TL;DR:
- JPMorgan lowered forecasts for Circle and Coinbase, saying their revamped Hyperliquid arrangement creates a near-term revenue headwind and a long-term USDC economics threat.
- Hyperliquid holds about $6 billion of USDC, roughly 8% of circulating supply, and processed more than $150 billion in July volume.
- Coinbase will classify Hyperliquid USDC as on-platform, collect reserve income and pay 90% to Hyperliquid, redistributing stablecoin economics away from Circle and Coinbase directly over time.
JPMorgan has put a sharper label on the changing economics between Circle, Coinbase and Hyperliquid: a “prisoner’s dilemma.” The bank lowered forecasts for Circle Internet and Coinbase after their revamped Hyperliquid arrangement, arguing it creates a near-term revenue headwind for both firms and a bigger long-term threat to Circle’s USDC model. Hyperliquid now holds about $6 billion of USDC, or roughly 8% of circulating supply. The problem is distribution turning against partnership logic, as two allies are pushed to compete around the same stablecoin.
Under the new arrangement, Coinbase will classify USDC held on Hyperliquid as “on-platform,” collecting income generated by reserves and paying 90% of that income to Hyperliquid. JPMorgan estimated Coinbase previously split nearly all of that revenue evenly with Circle. That change matters because USDC economics depend not only on circulation, but on who captures the interest income attached to reserves. The revenue pool is being redistributed, and the redistribution favors Hyperliquid’s growth while pressuring the economics of the issuer and exchange behind USDC.
Hyperliquid’s rise tests the USDC partnership model
The venue’s scale explains why the issue is now material. Hyperliquid is described as one of crypto’s fastest-growing trading venues and the leading decentralized perpetual futures exchange. The platform processed more than $150 billion in trading volume in July alone, while its volume relative to Binance rose to 11.5%, showing its growing share of derivatives activity. USDC balances on the platform have swelled to around $6 billion, making it an important distribution channel. Hyperliquid is no longer a side venue, so concessions made to keep USDC embedded there now carry real earnings consequences.
The warning also lands as USDC loses momentum. Its circulating supply has dropped to about $73 billion from nearly $80 billion in March, while the broader stablecoin market has contracted by $10 billion since May as crypto trading cooled and regulated rivals challenged incumbents.
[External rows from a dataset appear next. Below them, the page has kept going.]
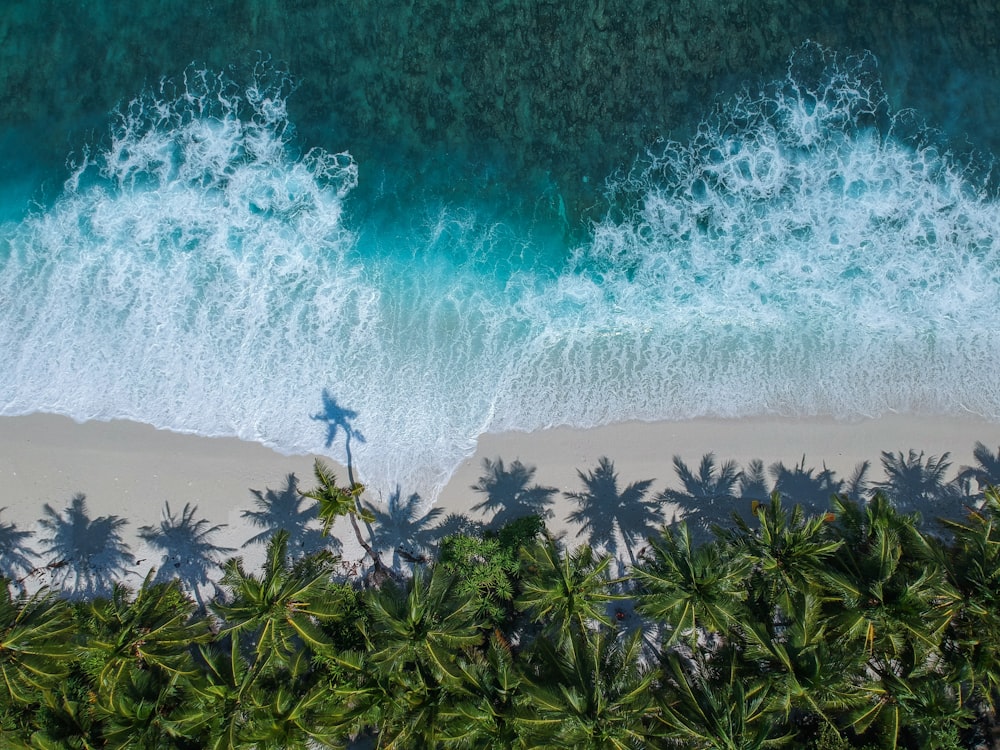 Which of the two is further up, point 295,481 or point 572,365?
point 572,365

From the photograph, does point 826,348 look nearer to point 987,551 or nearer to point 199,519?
point 987,551

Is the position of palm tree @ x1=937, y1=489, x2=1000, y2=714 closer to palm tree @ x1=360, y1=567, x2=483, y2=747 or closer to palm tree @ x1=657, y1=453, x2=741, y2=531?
palm tree @ x1=657, y1=453, x2=741, y2=531

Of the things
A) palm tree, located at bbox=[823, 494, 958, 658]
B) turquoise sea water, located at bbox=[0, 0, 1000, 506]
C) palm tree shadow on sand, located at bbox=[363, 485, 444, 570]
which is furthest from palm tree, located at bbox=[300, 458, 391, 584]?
palm tree, located at bbox=[823, 494, 958, 658]

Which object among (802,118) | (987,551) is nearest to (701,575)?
(987,551)

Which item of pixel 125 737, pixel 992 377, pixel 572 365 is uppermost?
pixel 992 377

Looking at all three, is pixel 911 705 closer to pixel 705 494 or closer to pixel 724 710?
pixel 724 710

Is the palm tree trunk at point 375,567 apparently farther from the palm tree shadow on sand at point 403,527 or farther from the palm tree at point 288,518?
the palm tree at point 288,518

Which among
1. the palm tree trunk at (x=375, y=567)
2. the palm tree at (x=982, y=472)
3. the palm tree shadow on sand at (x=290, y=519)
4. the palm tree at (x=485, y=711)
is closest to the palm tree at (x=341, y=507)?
the palm tree trunk at (x=375, y=567) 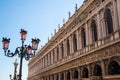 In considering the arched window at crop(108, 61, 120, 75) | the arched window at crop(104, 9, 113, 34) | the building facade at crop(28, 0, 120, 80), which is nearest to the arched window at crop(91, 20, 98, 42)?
the building facade at crop(28, 0, 120, 80)

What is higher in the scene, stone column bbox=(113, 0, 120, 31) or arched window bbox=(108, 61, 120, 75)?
stone column bbox=(113, 0, 120, 31)

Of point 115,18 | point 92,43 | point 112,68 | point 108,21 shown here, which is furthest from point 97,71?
point 115,18

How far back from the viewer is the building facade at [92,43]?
45.7ft

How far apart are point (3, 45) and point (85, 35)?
29.5 ft

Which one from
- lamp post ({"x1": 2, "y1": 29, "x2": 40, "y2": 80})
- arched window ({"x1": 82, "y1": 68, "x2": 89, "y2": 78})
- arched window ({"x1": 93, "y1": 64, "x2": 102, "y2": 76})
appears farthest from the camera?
arched window ({"x1": 82, "y1": 68, "x2": 89, "y2": 78})

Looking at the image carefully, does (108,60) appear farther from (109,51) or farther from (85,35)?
(85,35)

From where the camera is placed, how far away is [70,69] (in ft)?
69.8

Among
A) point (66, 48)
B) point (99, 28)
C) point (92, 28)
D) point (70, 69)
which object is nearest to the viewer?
point (99, 28)

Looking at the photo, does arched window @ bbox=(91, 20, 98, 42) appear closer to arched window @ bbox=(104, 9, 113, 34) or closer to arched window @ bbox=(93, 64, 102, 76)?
arched window @ bbox=(104, 9, 113, 34)

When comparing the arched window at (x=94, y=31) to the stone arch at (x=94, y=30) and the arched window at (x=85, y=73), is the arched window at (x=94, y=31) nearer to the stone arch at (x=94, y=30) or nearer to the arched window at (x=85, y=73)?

JPMorgan said weaker crypto markets also contributed to its lower estimates, though higher interest rates may support USDC-related revenue longer term. Circle and Coinbase now face an uncomfortable tradeoff, protect margin and risk distribution, or defend distribution by sharing more economics with powerful platforms. That is why the “prisoner’s dilemma” framing resonates: growth can still weaken the partners funding it as stablecoin competition intensifies across venues and users.